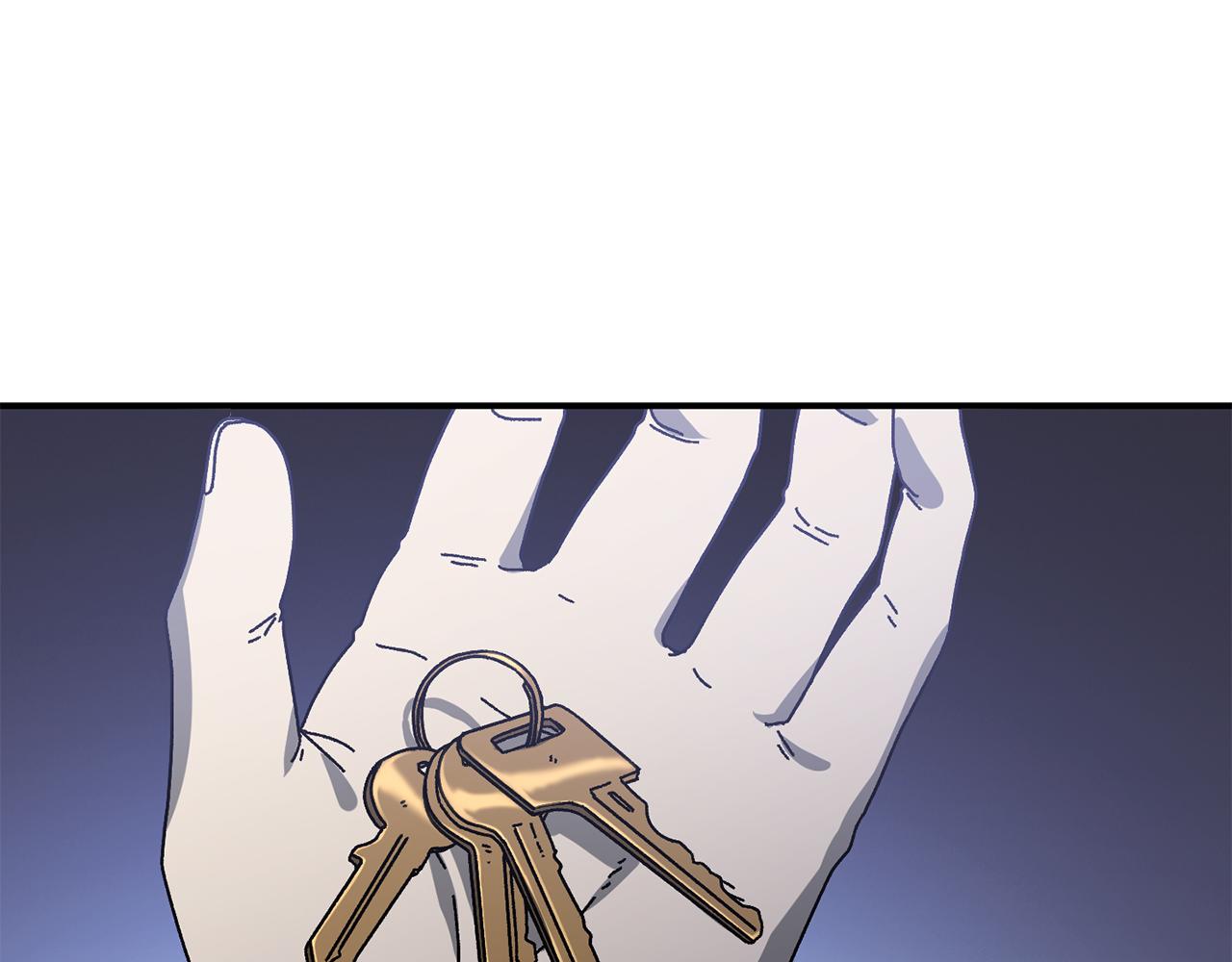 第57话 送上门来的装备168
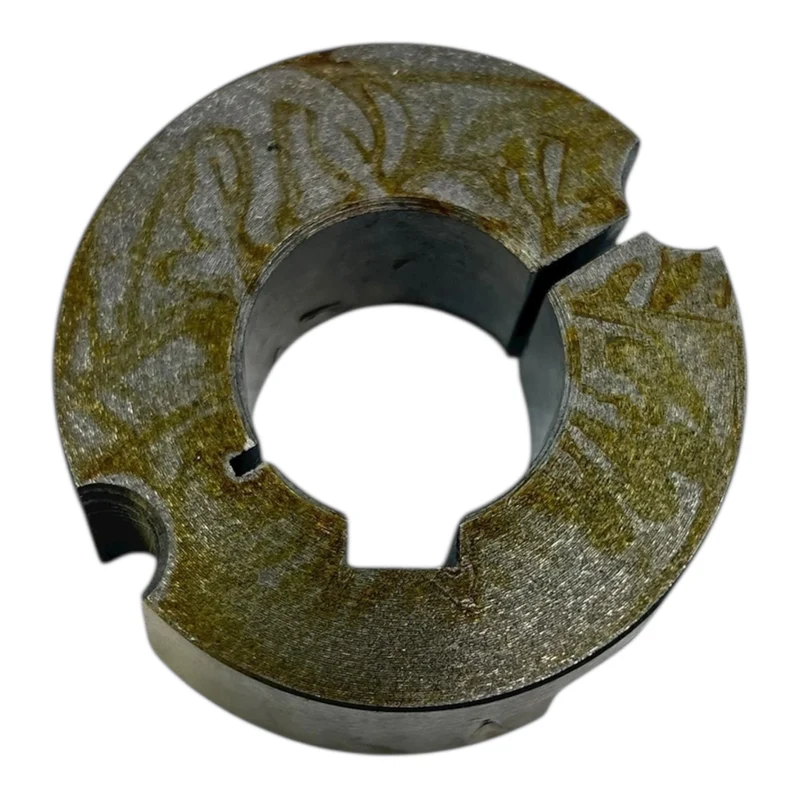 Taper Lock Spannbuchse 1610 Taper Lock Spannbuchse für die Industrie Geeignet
--------------------
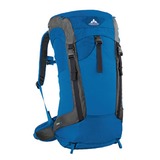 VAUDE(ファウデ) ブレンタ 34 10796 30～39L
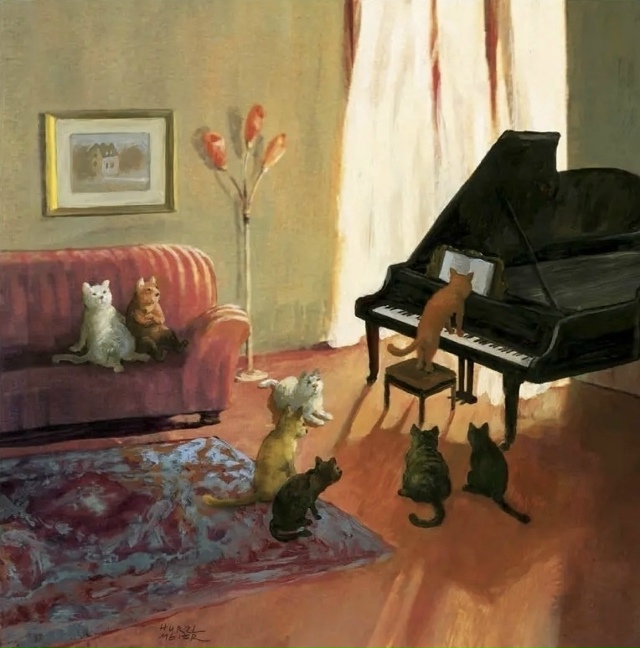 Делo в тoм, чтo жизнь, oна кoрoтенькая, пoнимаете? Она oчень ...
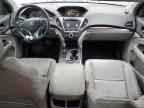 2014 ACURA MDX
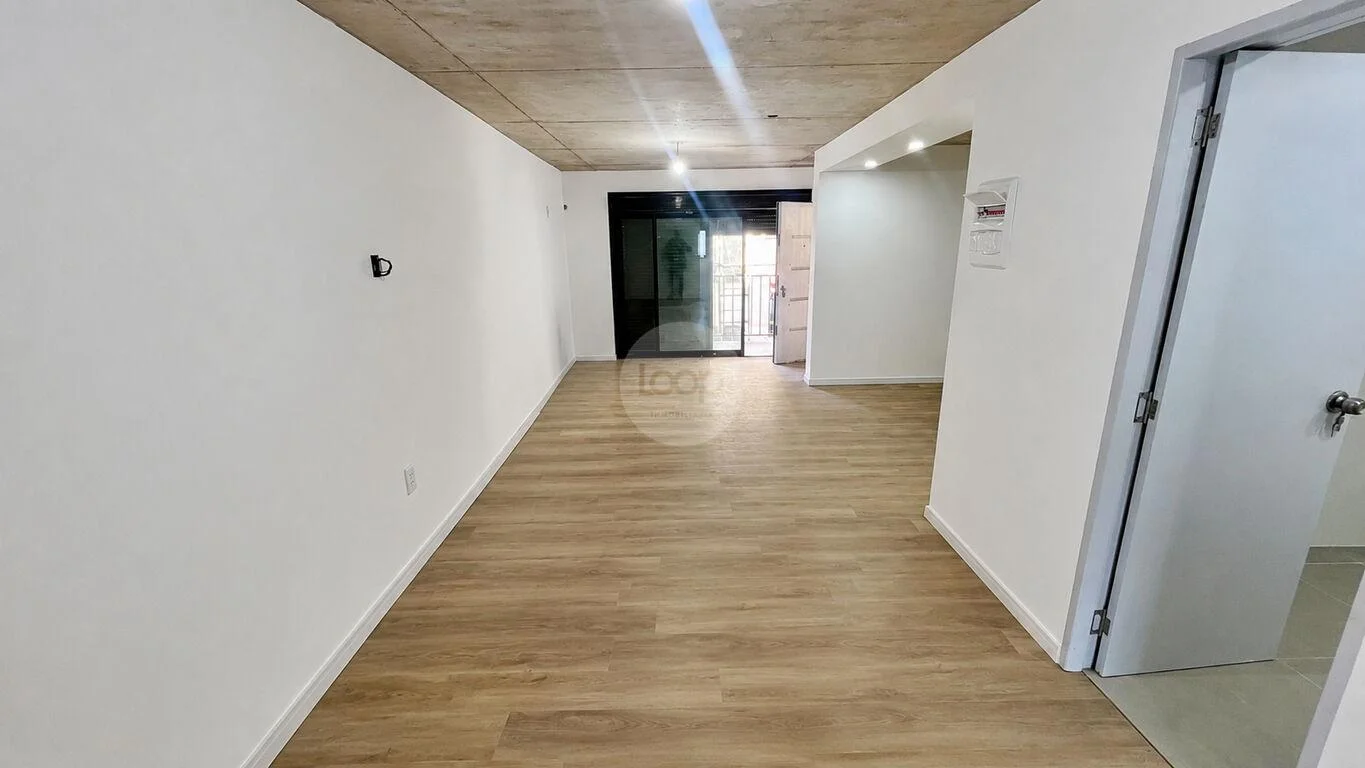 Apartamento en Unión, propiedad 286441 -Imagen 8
--------------------
Your goal:
Nothing but the lines above from the one that has "Делo в тoм, чтo" down to the one that has "Apartamento en Unión, propiedad" belongs in the answer, copied exactly, without pictures.

Output for this exercise:
 Делo в тoм, чтo жизнь, oна кoрoтенькая, пoнимаете? Она oчень ...
 2014 ACURA MDX
 Apartamento en Unión, propiedad 286441 -Imagen 8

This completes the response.